Zwei Anträge von Team K, einer von “Für Südtirol mit Widmann (FSW)”

Aufgrund der Bestimmungen zur „Par Condicio" beschränkt sich die Berichterstattung in der Vorwahlzeit der Europawahlen auf die wesentlichen Inhalte und verzichtet auf Namen. Die Arbeiten im Plenum werden jedoch wie üblich live auf www.landtag-bz.org und auf dem YouTube-Kanal des Landtages übertragen.

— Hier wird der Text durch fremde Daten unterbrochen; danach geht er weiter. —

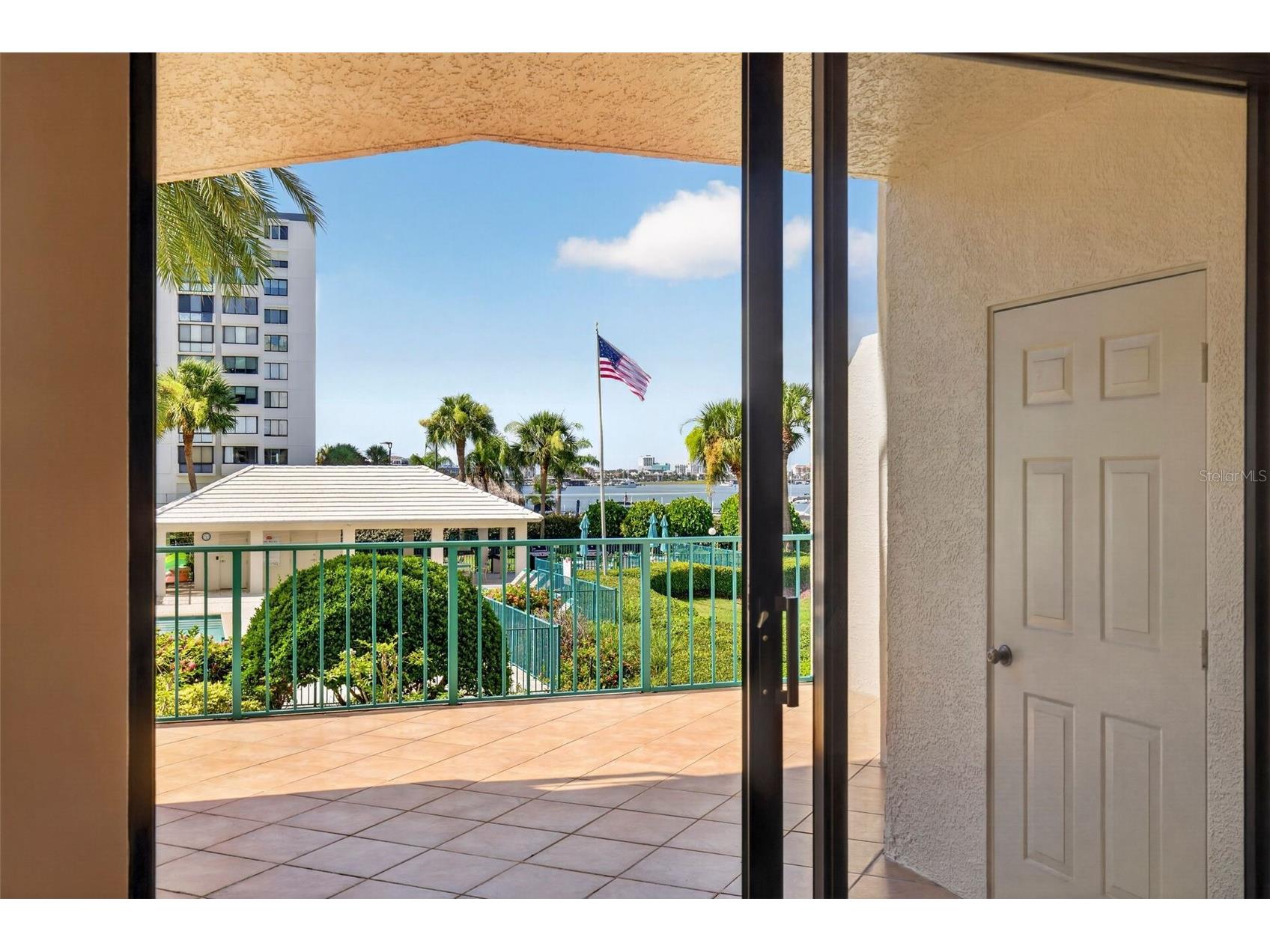 670 Island Way #207 Clearwater Beach FL 33767 - MANDALAY CHANNEL TB8511426 image32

Am Mittwochnachmittag wurde die Mai-Sitzung des Landtages mit der am Vormittag begonnenen Behandlung des Beschlussantrags Nr. 72/24 Wohnbauförderung - Auszahlung jetzt und nicht in zwei Jahren (eingebracht vom Team K am 18.04.2024) fortgesetzt: In ihrer abschließenden Stellungnahme sagte die Einbringerin u.a., gerichtet an die zuständige Landesrätin: Man wisse, dass neun Stellen im zuständigen Amt unbesetzt seien - man müsse Wettbewerbe so ausschreiben, dass sich jene meldeten, die Interesse am und Kenntnisse im Bereich hätten. Mit einer Aufgabenzulage werde es nicht getan sein. Bei Vereinfachungen, Umstrukturierungen oder Auslagerungen dürfe man nicht die betroffenen Ämter fragen, sondern man müsse sich anderweitig umhören. Sie, so die Einbringerin, sei zwar keine Freundin von Auslagerungen, aber in der Übergangszeit und zum Aufarbeiten der 1.800 vorliegenden Gesuche sei das eine Lösungsmöglichkeit. Diejenigen, die um eine Wohnbauförderung angesucht hätten, würden auf die Auszahlung warten.
Der Beschlussantrag wurde getrennt nach Prämissen und einzelnen Punkten des beschließenden Teils abgestimmt und mehrheitlich abgelehnt (Prämissen mit 15 Ja und 16 Nein, Punkt 1 mit 10 Ja, 16 Nein und 5 Enthaltungen, Punkt 2 mit 13 Ja, 16 Nein und 2 Enthaltungen, Punkt 3 mit 15 Ja und 15 Nein).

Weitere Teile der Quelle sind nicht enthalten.